Dem Historiker und Gesellschaftskritiker Arnulf Baring zum 75. Geburtstag

Er spielt unbestreitbar eine öffentliche Rolle, obwohl er als Professor längst emeritiert ist und auch kein Amt bekleidet. Aber die Talkrunden und Podien haben Arnulf Baring fest auf der Besetzungsliste, sein Publikum hat er allemal. Auf seine Fähigkeit, auch der ledernsten unserer Bekümmerungsrunden noch einen Kick zu geben, ist Verlass. Und in der Tat rüttelt er stets an den Markierungen des Zeitgeistes. An Kritik fehlt es hierzulande ja nicht, aber wer wäre denn sonst auf die Idee gekommen, den Bürger, die Bürger auf die Barrikaden zu rufen?
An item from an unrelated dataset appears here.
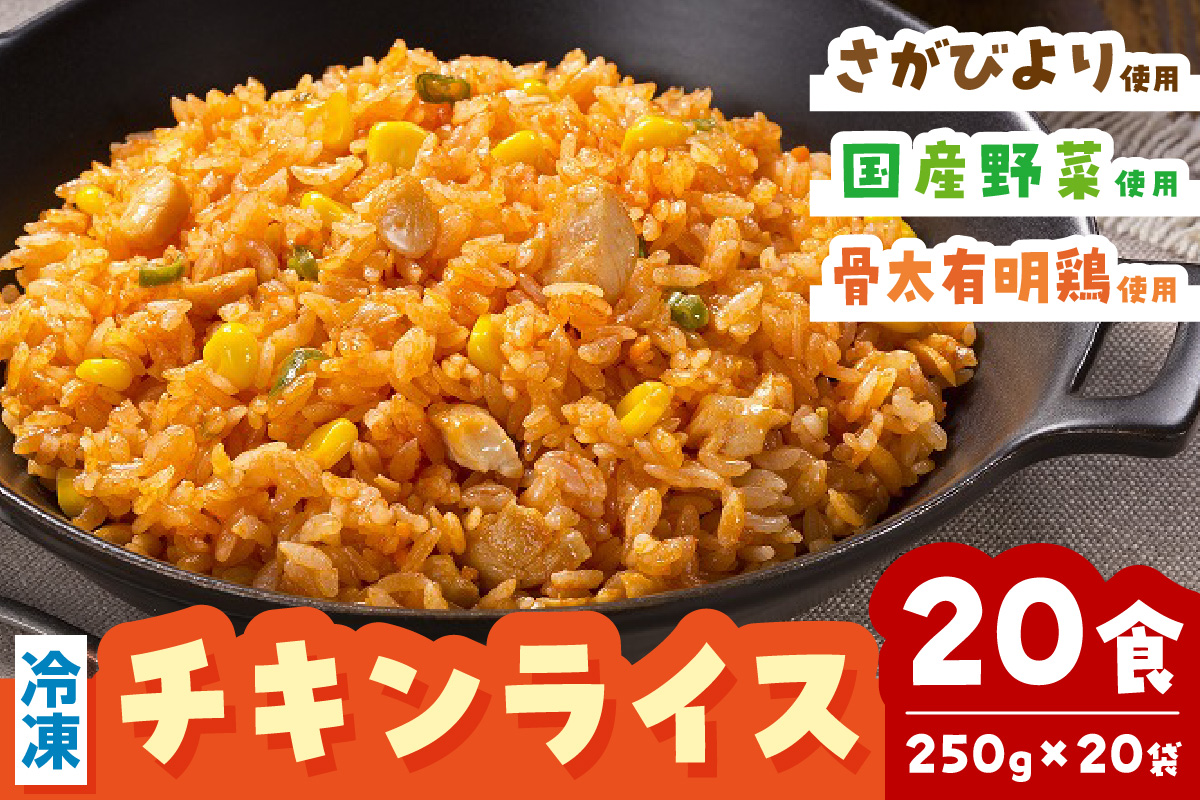 JAさがチキンライス250g×10袋×2箱 173-G335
Die ungewöhnliche Figur, irgendwo zwischen der Neuauflage der rot-grünen Koalition und den Debatten um die Reformbedürftigkeit der Bundesrepublik in die Welt gesetzt, verweist, vielleicht, auf die Wurzel seiner Wirkung. Baring ist nichts weniger als ein System-Kritiker; er ist vielmehr im tiefsten einverstanden mit der Ordnung dieser Republik. Er vertritt die Unzufriedenheit der im Kern doch Zufriedenen, den Widerspruch zum Zwecke der Bejahung, einen Radikalismus der Mitte. Er vertritt sie mit einem Temperament, in dem sich Spontaneität, Erregbarkeit und Jovialität mischen. Das, nicht zuletzt, macht seinen Erfolg aus. Und seine Rede, deren Strom, immer con brio, ihn oft selbst mitreißt und die Zuhörer mit ihrem sprudelnden Überredungswillen mitnimmt. Immer wieder auch dahin, wo er selbst nicht hinwill: Zu Barings öffentlichem Engagement gehört auch, dass er – wie Wolfgang Schäuble einmal angemerkt hat – seinen Diskussionspartnern leicht macht, ihn misszuverstehen.
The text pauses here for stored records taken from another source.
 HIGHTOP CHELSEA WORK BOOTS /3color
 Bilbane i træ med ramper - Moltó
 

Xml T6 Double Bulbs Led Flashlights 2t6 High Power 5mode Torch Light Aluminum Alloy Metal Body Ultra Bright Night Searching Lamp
Wenn ein Mann von seinem Format fünfundsiebzig Jahre alt wird, stellt sein Leben einen eigenen, eigentümlichen Auszug aus der Geschichte der Epoche dar. Und wer wie Baring an diesem Dienstag, also dem 8. Mai, dem Tag der Kapitulation, Geburtstag hat, der ist für eine wache Zeitgenossenschaft nachgerade prädestiniert. Baring hat diesen Tag übrigens als Tag der Befreiung erlebt und beschrieben: als einen neuen Anfang, als eine neue Geburt.

Sein Leben hat eingelöst, was in dieser Chance steckte. Und man wird auch die passionierte Wendung zur Teilnahme am öffentlichen Wesen, zum Groß-Debattierer und Spezialisten für moralisch-politische Bindegewebsmassage des öffentlichen Bewusstseins, die nach der Wiedervereinigung sein Bild bestimmt haben, dazurechnen.

Der politische Professor, der seine Berufslaufbahn mit einer Stippvisite im Journalismus begann, hat der Zeitgeschichte zumindest zwei Bücher hinterlassen, die noch immer zählen: eine Analyse der Außenpolitik Adenauers und eine Darstellung des „Machtwechsels“ zur sozialliberalen Koalition. Nicht zuletzt war er ein inspirierender Lehrer. Davon zeugen zahlreiche Schüler, seltener in der Wissenschaft, öfter in Journalismus und Verwaltung. Auch das bestätigt den Charme, der Baring auszeichnet. Niemand Geringeres als Gesine Schwan, politisch weit von ihm entfernt, hat einmal gestanden: Man könne sich sehr über ihn ärgern, aber es ist schwer, ihn nicht sehr zu mögen.